Por Agnaldo Farias
As coisas tem vida,
É o que eu sempre digo,
As coisas tem vida própria
Samuel Beckett em Dias Felizes
Para impedir que nos dissolvêssemos na vastidão da terra, inventamos a casa e quedamo-nos ilhados entre paredes. Para impedir que a solidão nos petrificasse de vez, inventamos – além do amor – os objetos. Para Beckett, como se sabe, o amor faltou. E, segundo Adriano e Fernando Guimarães, sobramos apenas nós e alguns poucos objetos.
Rodeamo-nos de objetos como forma de compartilhar nossa minguada existência. Notem como, além de extensões de nossos membros e sentidos, os objetos encarnam, em versão esquemática, é certo, nossos gestos mais ardilosos para realizá-los com formidável eficácia. Picamos, cortamos, torcemos, aspiramos..., infinitas são as atividades que os nossos tomados de empréstimo, amputados e amplificados realizam por meio dos objetos. E, para o nosso conforto e tranquilidade psíquica, fazemos esses objetos em escala adequada, ergométrica; para garantir-lhes a docilidade de um animal doméstico, executamo-los em materiais sedutores, revestidos com cores agradáveis, em superfícies que se desdobram do opaco e fosco ao diáfano, translúcido, transparente; em formas ancestralmente conhecidas, porque, afinal, as necessidades são quase as mesmas de sempre como essencialmente iguais são as maneiras de atendê-las por meio de vasos, cadeiras, mesas, bacias, arcas, armários. Copos – Lembra? – são as mãos em concha; garfos, os dedos em garra; cadeiras, a verticalidade do corpo entrecortada, o chão reposto à meia altura, ensejando o repouso e uma postura atenta.
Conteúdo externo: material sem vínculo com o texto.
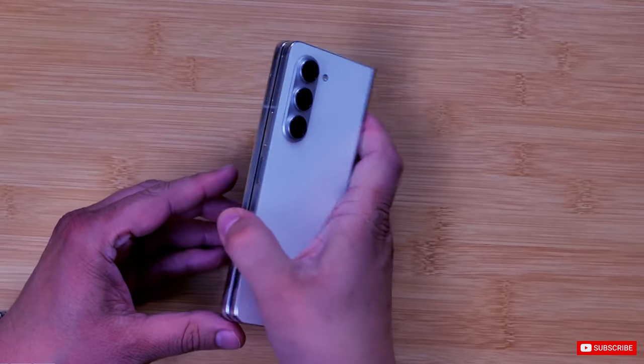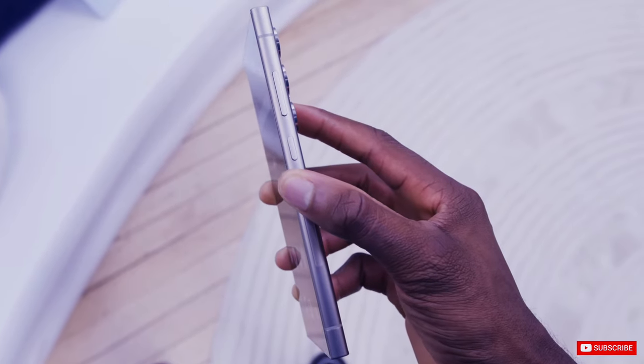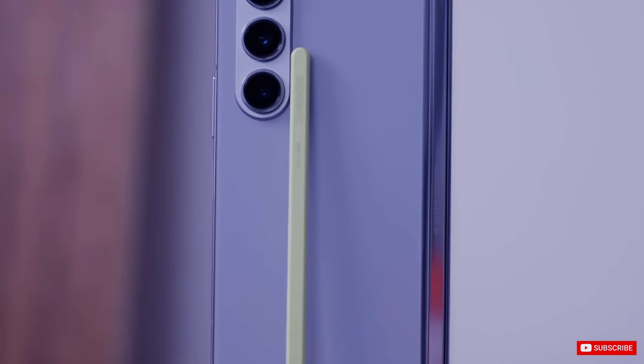That doesn't match the 8.6mm depth of the Galaxy S24 Ultra, and of course, all these measurements conveniently ignore any camera island protruding from the rear of the phone.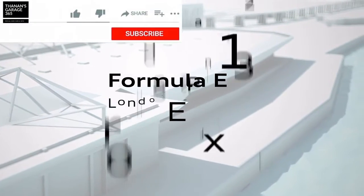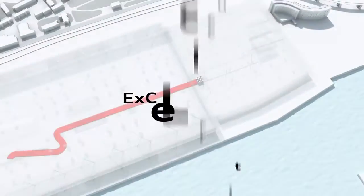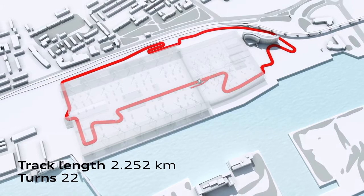Hello everyone, Lucas Di Grassi here. This year we have a very special new track — the London Excel track — which is the first time we're gonna race in a half-covered, half-open track.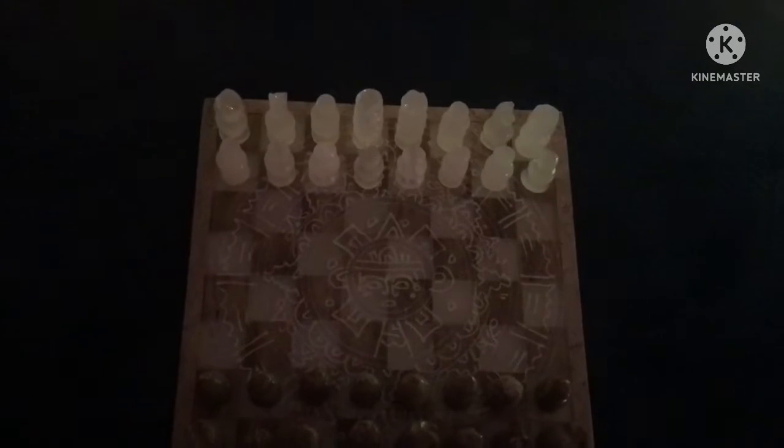It's explained through videos such as this — a video where I explain chess in the worst way possible.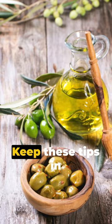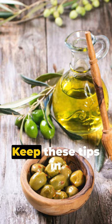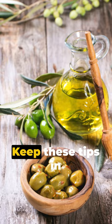Remember, your kitchen deserves the best. Don't let a fake fool you. Keep these tips in mind and choose wisely. Until next time, happy cooking!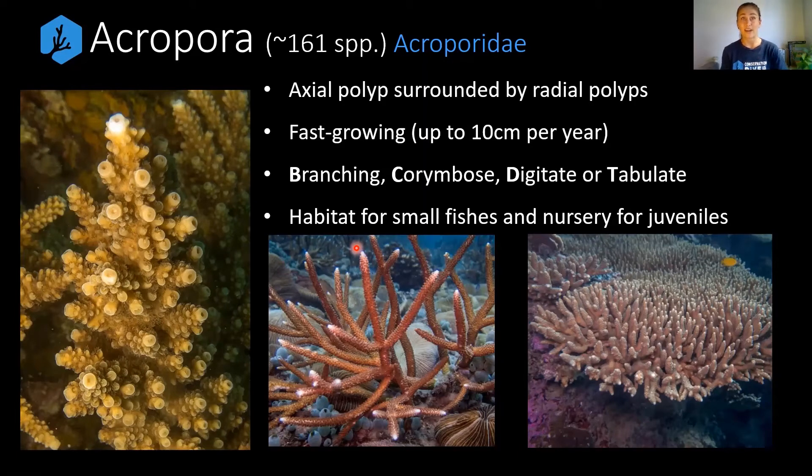Acropora are very fast-growing — up to 10 centimetres per year — and are used extensively at restoration programs globally, especially in places like the Caribbean and Florida Keys. It is a highly vulnerable genus, especially the palmata and cervicornis species, which we can dig into more deeply another day. Growth forms include branching, corymbose — that very bushy dense branching — digitate, and tabulate, including the table corals.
Pois não é que esses mesmo objetos, isolados ou em conjuntura, podem e efetivamente traem. Pensemos nas facas pontiagudas que, vez por outra, se nos excapam para se projetarem verticalmente e diagonalmente ameaçando nossos pés, ou ainda, insidiosas, fendem nossa carne enquanto descascamos uma laranja. Como não rememorar o pequeno mas ainda assim espanto, o quase recuo de horror, o instante suspendido em que, anunciado pela dorzinha lancinante, o sangue transborda e escorre pela derme branca da fruta. Claro está que as facas trazem manifestamente essa dualidade de que todos somos feitos, essa compulsão bifurcada entre criar e destruir. E mesmo os tão fraternos liquidificadores, fogões, aspiradores de pó e ferros elétricos fascinam pelo potencial poder de macerar, triturar, pulverizar, sorver e queimar.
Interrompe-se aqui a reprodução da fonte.